Ottobre 21st, 2017 Riccardo Fucile

LA SUA “ALLEANZA DEI CITTADINI SCONTENTI” AL 29,7%, SECONDO IL CENTRODESTRA CON L’11,3%, TERZI I PIRATI CON IL 10,8%, XENOFOBI SOLO AL 10,7%, SOCIALISTI AL 7,5%

Come da previsioni, il partito del miliardario populista Andrej Babis, soprannominato il «Trump ceco», è largamente in testa nelle elezioni parlamentari nella Repubblica Ceca.
Il suo partito Ano (Sì in ceco) ha ottenuto il 29,7 per cento dei consensi che vale 78 dei 200 seggi della camera bassa.
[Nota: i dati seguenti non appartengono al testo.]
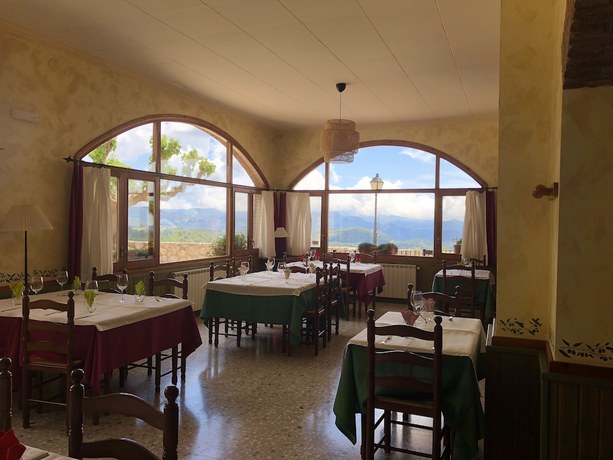 Imagen del bar/restaurante del Hotel Hotel Restaurant El Balco del Priorat. Foto 6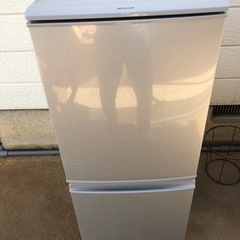 SHARP 冷蔵庫　2door 137リットル　2015年製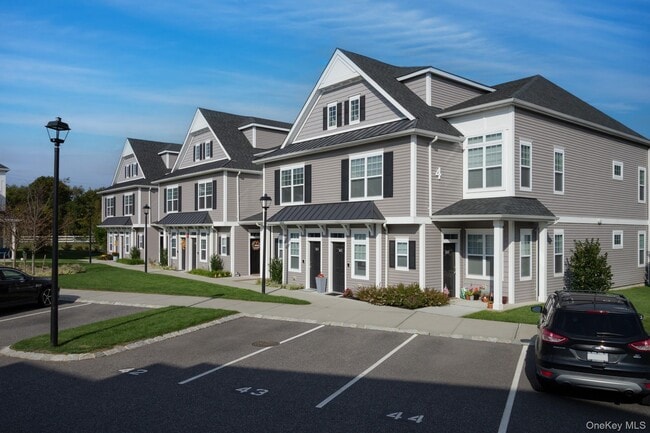 Building Photo - 300 Sutton Ct Unit 195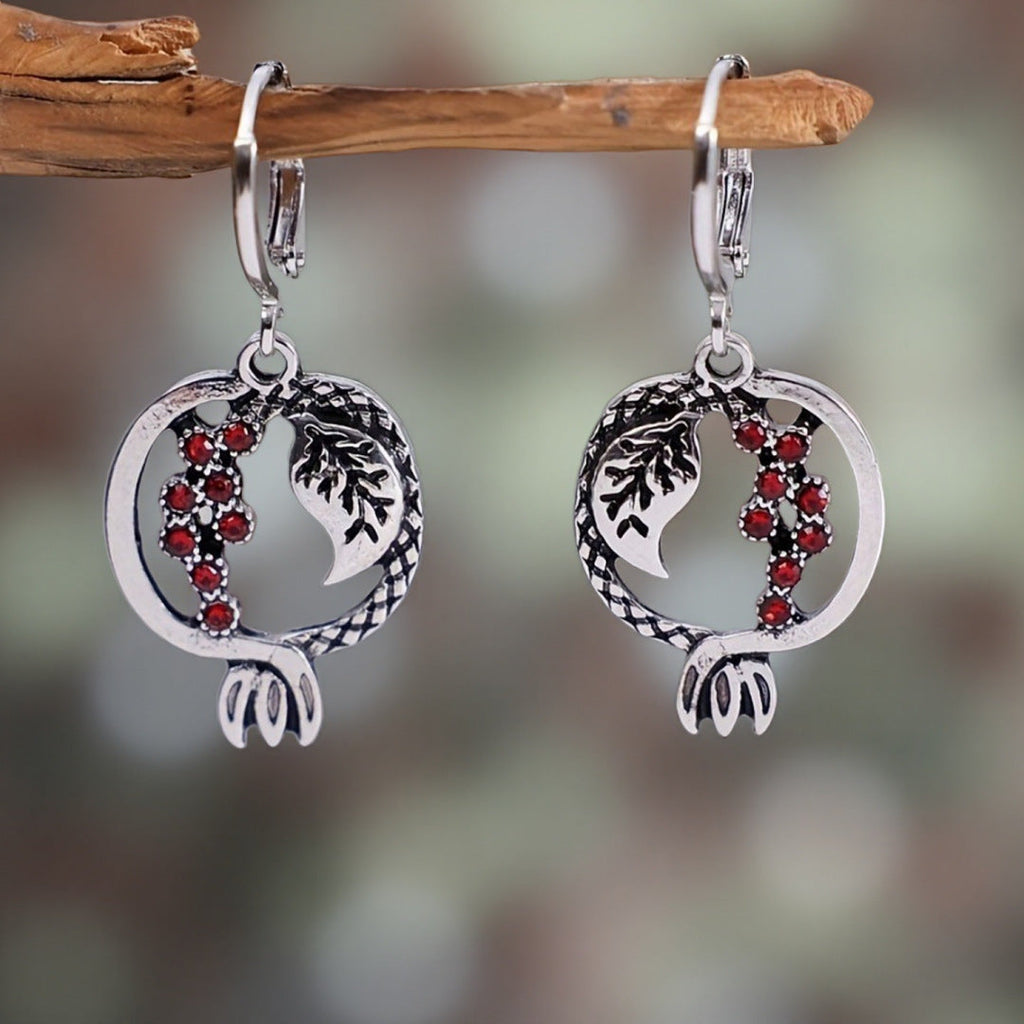 Charming Earring for Any Occasion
Al secondo posto, per un pelo, il centrodestra storico (Ods) con l’11,3 per cento. Dietro il Partito dei pirati con il 10,8 e una formazione radicale, xenofoba, antieuropeista, il Partito della libertà  e della democrazia diretta (Spd) guidata da un leader di origini miste ceco- giapponesi, Tomio Okamura, che si è attestata al 10,7 per cento.
Peggio che mai vanno i socialdemocratici (Cssd), il partito di maggioranza uscente del premier dimissionario Bohuslav Sobotka, che crollano al 7,5 per cento nel loro peggior risultato storico assoluto.
La Repubblica Ceca avrebbe scelto dunque di mettersi nelle mani di un miliardario accusato (in patria e in Europa) di frode fiscale, che ha promesso di guidare il Paese come se fosse un’azienda, di combattere l’immigrazione musulmana e limitare i legami con l’Unione Europea.
Ora Babis, che negli scorsi mesi aveva giurato che mai si sarebbe alleato con gli estremisti di Okuamura, nè con i comunisti, dovrà  iniziare a preoccuparsi per trovare un alleato di governo.